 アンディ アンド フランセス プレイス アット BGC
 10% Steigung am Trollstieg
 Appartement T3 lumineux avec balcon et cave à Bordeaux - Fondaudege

## Work request
Return all the lines above exactly as given.

## Answer section
 アンディ アンド フランセス プレイス アット BGC
 10% Steigung am Trollstieg
 Appartement T3 lumineux avec balcon et cave à Bordeaux - Fondaudege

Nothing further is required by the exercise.